The second way to use this physiology is to develop DPP-IV inhibitors. One such agent, sitagliptin, has been on the market for 2 years. There are several other drugs in this class undergoing clinical trials. This is an important area to pursue, and many of the pharmaceutical companies are trying to develop these agents that will be easy to use in the oral form to improve glycemic control.

exenatide, a twice-daily injection, you can lower A1C by about 0.8% to 1%. The main side effect is nausea, sometimes vomiting. There may be appreciable weight loss, which is a desirable side effect of this drug. We do not have another approved drug yet that improves glycemic control and results in weight loss at the same time. The only medication that came close to it was metformin, but metformin is relatively weight-neutral; it does not cause weight loss in most patients.
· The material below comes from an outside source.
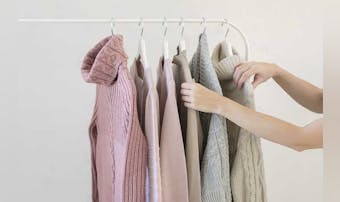 セーターのおすすめ宅配クリーニング3選。料金・期間・お手入れ方法まで解説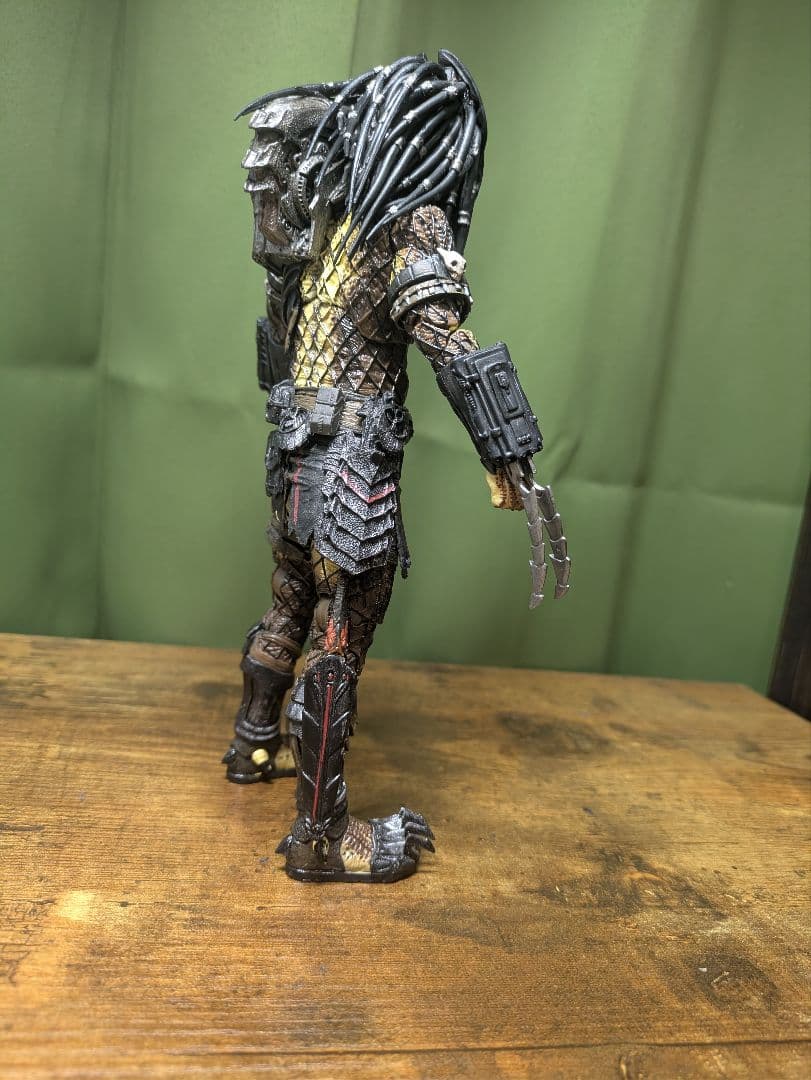 値下げNeca サーペントハンタープレデター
Sitagliptin has very similar effects on A1C reduction as exenatide, except it does not cause weight loss. This drug is weight-neutral, but at least it does not cause weight gain. Another advantage of these drugs is that they do not cause gastrointestinal side effects, such as nausea.

Both GLP-1 agonists and DPP-IV inhibitors are being utilized in the strategy of combination therapy to achieve better glycemic control.